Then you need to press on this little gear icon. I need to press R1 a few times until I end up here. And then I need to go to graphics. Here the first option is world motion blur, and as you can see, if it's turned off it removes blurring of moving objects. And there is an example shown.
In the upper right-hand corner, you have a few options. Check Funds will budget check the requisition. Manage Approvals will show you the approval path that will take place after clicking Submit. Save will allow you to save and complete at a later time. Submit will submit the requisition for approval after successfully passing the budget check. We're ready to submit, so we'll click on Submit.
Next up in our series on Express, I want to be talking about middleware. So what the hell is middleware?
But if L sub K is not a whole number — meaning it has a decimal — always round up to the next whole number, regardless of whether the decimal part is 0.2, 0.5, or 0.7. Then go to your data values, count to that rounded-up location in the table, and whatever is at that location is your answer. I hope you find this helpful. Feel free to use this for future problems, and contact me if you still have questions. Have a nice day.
---
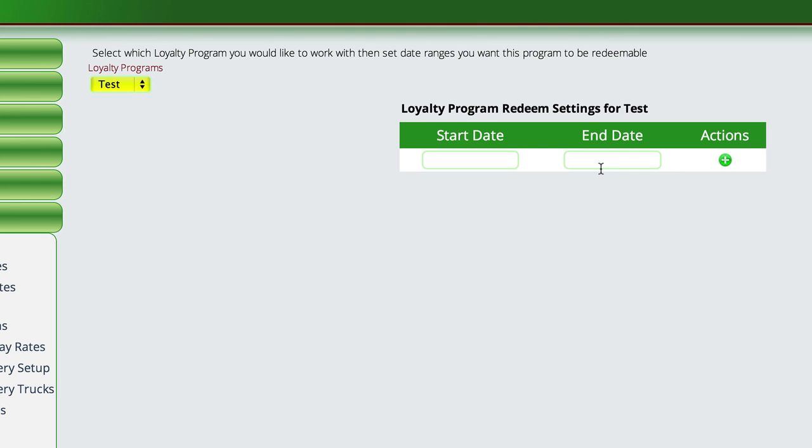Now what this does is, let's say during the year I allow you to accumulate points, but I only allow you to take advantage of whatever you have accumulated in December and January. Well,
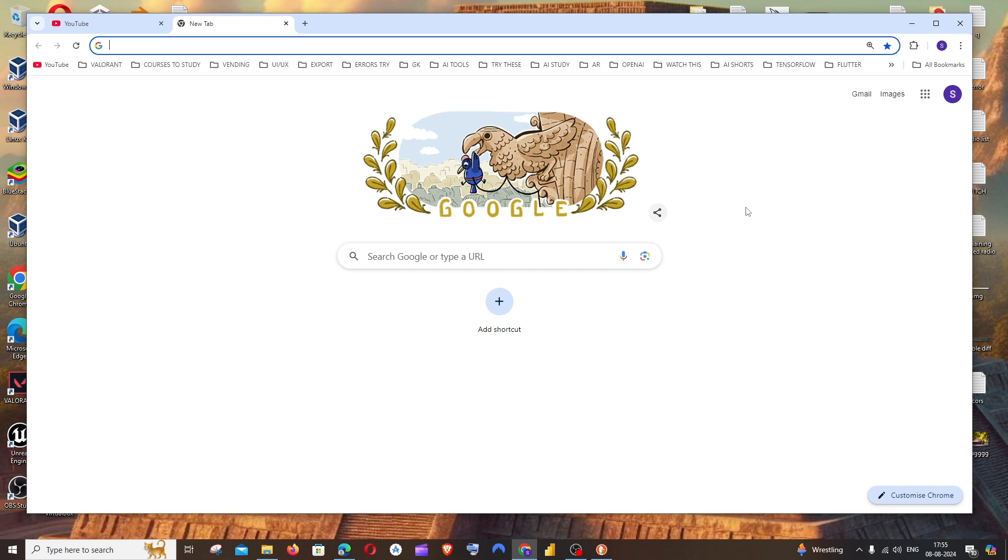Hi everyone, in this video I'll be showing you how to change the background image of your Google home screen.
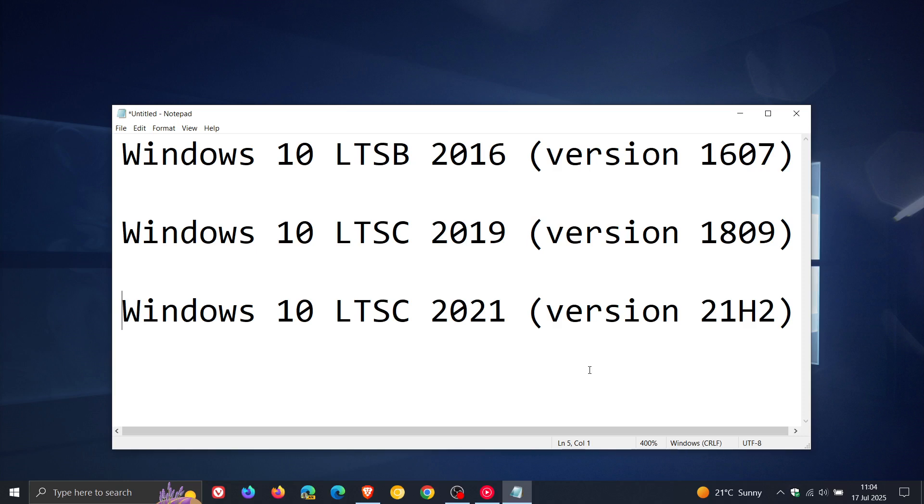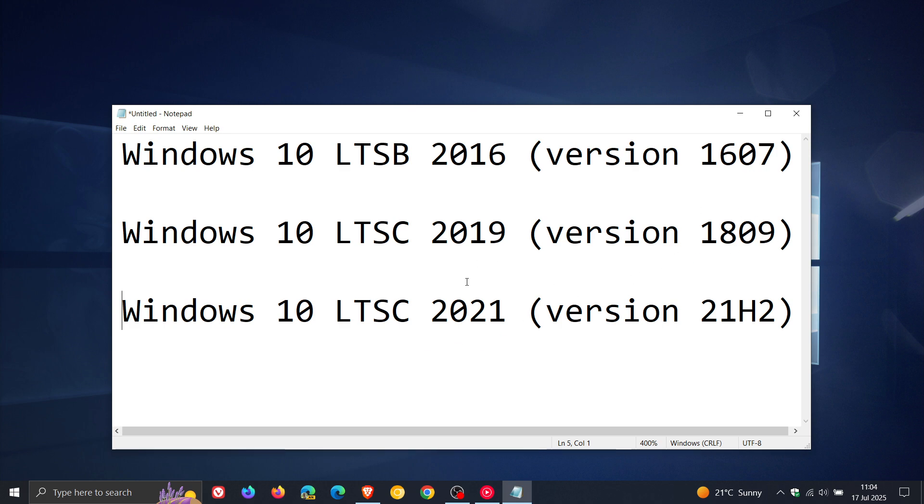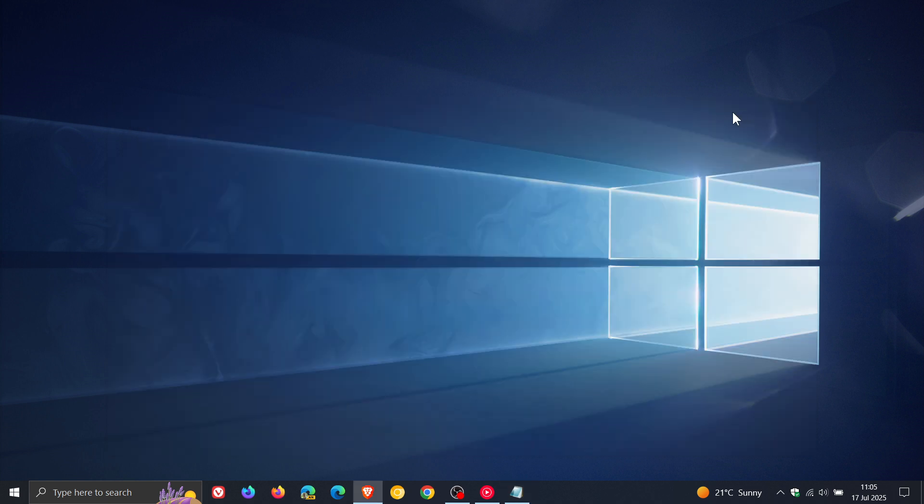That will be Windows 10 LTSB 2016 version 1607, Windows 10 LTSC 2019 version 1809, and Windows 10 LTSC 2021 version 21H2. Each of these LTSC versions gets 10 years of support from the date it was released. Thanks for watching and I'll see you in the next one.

→ **What this task involves**: Using the entries above, give again exactly the lines from the line holding "Then you need" through the line holding "But if L sub". Include both end lines and nothing else.

→ **Solution for this exercise**:
Then you need to press on this little gear icon. I need to press R1 a few times until I end up here. And then I need to go to graphics. Here the first option is world motion blur, and as you can see, if it's turned off it removes blurring of moving objects. And there is an example shown.
In the upper right-hand corner, you have a few options. Check Funds will budget check the requisition. Manage Approvals will show you the approval path that will take place after clicking Submit. Save will allow you to save and complete at a later time. Submit will submit the requisition for approval after successfully passing the budget check. We're ready to submit, so we'll click on Submit.
Next up in our series on Express, I want to be talking about middleware. So what the hell is middleware?
But if L sub K is not a whole number — meaning it has a decimal — always round up to the next whole number, regardless of whether the decimal part is 0.2, 0.5, or 0.7. Then go to your data values, count to that rounded-up location in the table, and whatever is at that location is your answer. I hope you find this helpful. Feel free to use this for future problems, and contact me if you still have questions. Have a nice day.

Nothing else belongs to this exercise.